- Born: July 30, 1996 (age 30) Buchawas, Churu district, Rajasthan, India
- Occupation: Actor
- Years active: 2010–present

= Sonu Mishra =

Indian actor

Sonu Mishra (also known as Sonu Mmishra; born 30 July 1996) is an Indian actor who works predominantly in Indian cinema and Television. He has appeared in films including Salman Khan's Sikandar and Kala Hiran, and in television series such as Vighnaharta Ganesha, Tenali Rama, Mere Dad Ki Dulhan and others.

==Early life and career==
Mishra was born on 30 July 1996 in Buchawas village in Churu district, Rajasthan, India. He completed his schooling in his hometown and later moved to Jaipur, where he received theatre training with the Sarthak Theatre Group at Jawahar Kala Kendra.

Mishra began his acting career in 2010 with the Rajasthani-language film Dhanna Jaat, in which he played Lord Krishna. He made his Hindi film debut with Rizwan, portraying Ziyad, and later appeared in Sikandar. In television, Mishra has appeared in Hindi series including Tenali Rama, Vighnaharta Ganesha and Savdhaan India. He also appeared in Ram Ram Bolo, a devotional music project based on the Hanuman Chalisa.

==Filmography==
===Films===

| Year | Title | Language | Role | Notes |
|---|---|---|---|---|
| 2010 | Dhanna Jaat | Rajasthani film | — | Debut film |
| 2013 | Educated Binadani | Rajasthani film | — | Lead role |
| 2020 | Rizwan | Hindi | Ziyad | Hindi film debut |
| 2025 | Sikandar | Hindi | Constable Jay | Starring Salman Khan |
| 2025 | Kala Hiran | Hindi | Salman Khan | Unreleased/withdrew from project |

===Television===

| Year | Title | Role | Network |
|---|---|---|---|
| 2016 | Amma | — | Zee TV |
| 2016 | Kuch Rang Pyar Ke Aise Bhi | — | Sony Entertainment Television |
| 2016 | Ek Duje Ke Vaaste | — | Sony Entertainment Television |
| 2017 | Tenali Rama | Prince | Sony SAB |
| 2017–2018 | Savdhaan India | Various roles | Star Bharat |
| 2018 | Bahu Hamari Rajni Kant | Yuvraj Singhaniya | Life OK |
| 2018 | Aisi Deewangi Dekhi Nahi Kahi | Sameer | Zee TV |
| 2018 | Kullfi Kumarr Bajewala | — | StarPlus |
| 2019 | Mere Dad Ki Dulhan | — | Sony Entertainment Television |
| 2019–2020 | Vighnaharta Ganesha | Veer Mahendra | Sony Entertainment Television |
| 2020 | Ek Duje Ke Vaaste 2 | — | Sony Entertainment Television |
| 2022–2024 | Crime Alert | Various roles | Dangal |

==Kala Hiran dispute==
In June 2026, Mishra publicly distanced himself from Kala Hiran: The Battle for Legacy, a film reportedly inspired by the 1998 blackbuck poaching case involving Salman Khan. Mishra, who had been cast as a character resembling Khan and had filmed portions of the project, said that he withdrew after developing concerns over the film's portrayal of the actor.

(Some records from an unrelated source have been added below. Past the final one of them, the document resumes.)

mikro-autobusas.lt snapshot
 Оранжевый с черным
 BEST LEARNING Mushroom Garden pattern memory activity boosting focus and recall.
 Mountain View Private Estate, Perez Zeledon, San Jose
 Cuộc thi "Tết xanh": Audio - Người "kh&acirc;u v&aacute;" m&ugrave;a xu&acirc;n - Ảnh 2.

Mishra stated that he had not initially been provided with the complete script and alleged that material subsequently shown to him included provisions requiring him to make negative statements about Khan during promotional activities. He cited creative and ethical differences with the makers as reasons for leaving the project.

The film subsequently became the subject of legal proceedings after Khan approached the Delhi High Court, alleging infringement of his personality and publicity rights. Veteran actor Govind Namdev, who was also associated with the film, separately distanced himself from the project following the release of its promotional material.